Starting at the first line and ending at the one with "Vintage NIKE x", give the lines of the listing again exactly, and nothing else; skip the pictures.

DATA BELOW:
-- -- --

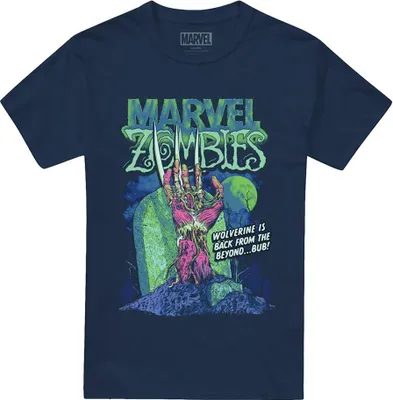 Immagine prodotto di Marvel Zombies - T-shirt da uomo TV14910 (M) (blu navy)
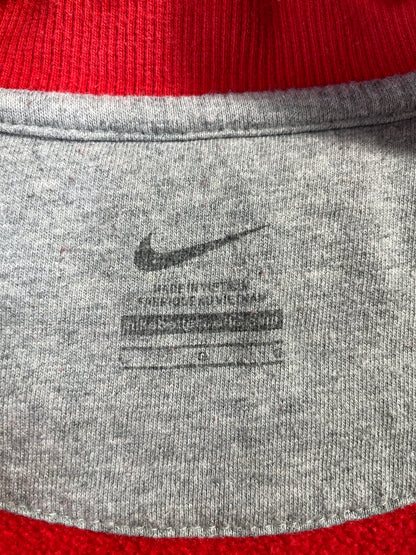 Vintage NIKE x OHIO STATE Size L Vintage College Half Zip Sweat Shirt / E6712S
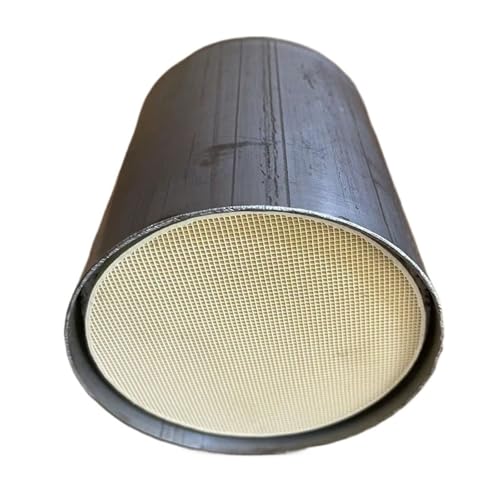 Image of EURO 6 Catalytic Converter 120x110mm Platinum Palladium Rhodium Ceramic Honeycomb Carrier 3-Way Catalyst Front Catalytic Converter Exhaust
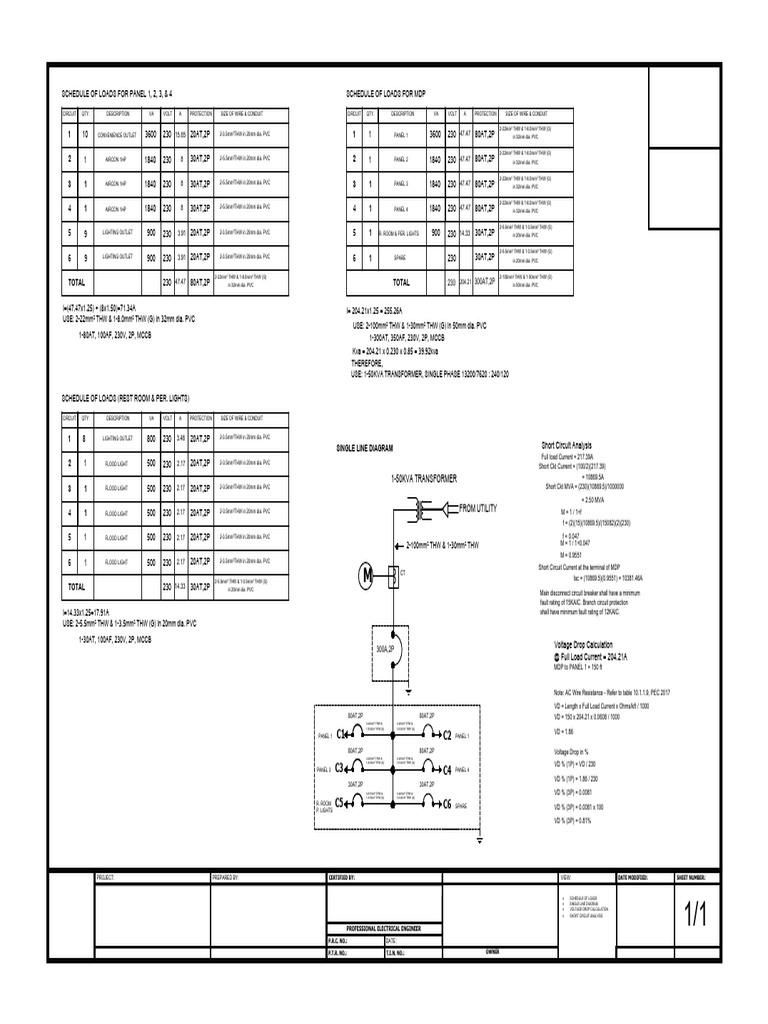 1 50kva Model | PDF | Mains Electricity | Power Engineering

-- -- --

SOLUTION:
 Immagine prodotto di Marvel Zombies - T-shirt da uomo TV14910 (M) (blu navy)
 Vintage NIKE x OHIO STATE Size L Vintage College Half Zip Sweat Shirt / E6712S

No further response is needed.